A New Deep-Learning Method for 3D Lung Cancer Delineation

Lung cancer is one of the most common malignancies worldwide, responsible for a great number of cancer deaths due to late-stage diagnosis, which is typical of the asymptomatic nature of the disease in its early course. It is diagnosed in conjunction with Computed Tomography (CT) to generate high-resolution images that are able to outline tumors. Manual segmentation and analysis of the lung nodules in CT images, on the other hand, is a very time-consuming process and susceptible to subjective error. Recently, deep learning methods, mostly convolutional neural networks (CNN), have had much success in biomedical image segmentation with architectures such as U-Net and 3D U-Net. This thesis will mainly focus on a new approach using a 2D U-Net architecture for automatic segmenting of lung nodules within CT images. This is followed by post-processing continuity analysis, which constructs 3D models of the cancerous regions in a way that clinically relevant tumor delineation can be obtained without more complex and resource consuming models that work with heavier 3D data and features.
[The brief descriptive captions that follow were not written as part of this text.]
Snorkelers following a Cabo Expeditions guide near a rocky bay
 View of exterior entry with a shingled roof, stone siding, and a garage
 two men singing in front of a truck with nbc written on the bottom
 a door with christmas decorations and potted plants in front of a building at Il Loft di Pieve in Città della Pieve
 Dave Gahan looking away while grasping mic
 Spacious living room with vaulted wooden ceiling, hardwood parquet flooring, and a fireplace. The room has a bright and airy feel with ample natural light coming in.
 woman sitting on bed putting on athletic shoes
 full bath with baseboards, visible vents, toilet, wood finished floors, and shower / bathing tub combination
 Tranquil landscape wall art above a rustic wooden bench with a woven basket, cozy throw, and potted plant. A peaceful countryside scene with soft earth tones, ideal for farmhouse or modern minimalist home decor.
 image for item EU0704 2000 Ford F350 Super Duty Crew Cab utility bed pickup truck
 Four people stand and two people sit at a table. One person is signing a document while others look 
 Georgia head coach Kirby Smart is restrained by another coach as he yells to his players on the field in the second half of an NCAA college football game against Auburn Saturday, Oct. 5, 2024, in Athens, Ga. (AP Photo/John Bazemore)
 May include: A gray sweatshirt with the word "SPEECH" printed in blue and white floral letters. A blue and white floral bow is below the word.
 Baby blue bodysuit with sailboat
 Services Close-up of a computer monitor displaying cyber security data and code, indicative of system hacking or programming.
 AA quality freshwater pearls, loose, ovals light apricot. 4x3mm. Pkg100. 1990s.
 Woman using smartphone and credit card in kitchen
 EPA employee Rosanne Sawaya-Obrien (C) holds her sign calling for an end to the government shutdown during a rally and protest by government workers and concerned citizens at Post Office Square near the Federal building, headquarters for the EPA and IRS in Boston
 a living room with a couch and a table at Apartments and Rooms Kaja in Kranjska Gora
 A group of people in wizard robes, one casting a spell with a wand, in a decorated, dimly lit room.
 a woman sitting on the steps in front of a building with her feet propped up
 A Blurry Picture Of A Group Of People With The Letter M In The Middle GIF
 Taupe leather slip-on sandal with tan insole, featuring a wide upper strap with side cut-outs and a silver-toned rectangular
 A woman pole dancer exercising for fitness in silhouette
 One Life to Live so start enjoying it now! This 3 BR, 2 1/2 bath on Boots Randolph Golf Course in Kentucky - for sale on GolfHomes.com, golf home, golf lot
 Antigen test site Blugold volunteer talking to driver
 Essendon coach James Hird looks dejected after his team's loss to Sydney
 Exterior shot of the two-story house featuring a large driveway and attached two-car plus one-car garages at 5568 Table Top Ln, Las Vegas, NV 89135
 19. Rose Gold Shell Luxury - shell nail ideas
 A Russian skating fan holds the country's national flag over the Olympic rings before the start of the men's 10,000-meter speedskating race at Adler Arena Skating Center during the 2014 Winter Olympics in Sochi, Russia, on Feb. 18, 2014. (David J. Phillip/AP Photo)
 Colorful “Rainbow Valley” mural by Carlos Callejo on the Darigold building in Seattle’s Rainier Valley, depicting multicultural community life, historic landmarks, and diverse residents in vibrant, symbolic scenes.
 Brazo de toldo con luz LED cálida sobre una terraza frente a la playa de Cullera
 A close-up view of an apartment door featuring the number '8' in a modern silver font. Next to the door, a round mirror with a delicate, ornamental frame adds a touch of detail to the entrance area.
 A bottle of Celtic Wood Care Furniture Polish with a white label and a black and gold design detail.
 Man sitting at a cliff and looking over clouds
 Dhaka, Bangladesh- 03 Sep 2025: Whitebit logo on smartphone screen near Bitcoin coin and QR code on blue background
The model is trained and tested on the NSCLC-radiomics reference dataset of lung cancer segmentation, which contains CT images and their corresponding manual cancer delineation. The performance of the model evaluated using standard metrics to make sure it is clinically viable on the test set shows promising results. In fact, it provided a very good performance on the test set with a high segmentation accuracy (0.9608) of the lung nodules and a Dice Coefficient (DC) of 0.9315. On the entire dataset, for clinical evaluation, the model provides DCs of 0.7997, 0.9123, and 0.9590 for small, medium, and large tumors, respectively. Lastly, DC in 3D reconstruction tests increased from 0.8448 to 0.8850 after post-processing application, hence appropriate volume delineation and cleaning. To our knowledge, this thesis presents a pioneering approach for lung cancer delineation, which for the first time uses the faster and less consuming 2D network to reconstruct data on the 3D level, which provide more clinically relevant information than single-slice imaging. Therefore, also according to the promising results, this work could be considered a forerunner in this line of research, marking a significant advancement in automated medical image analysis.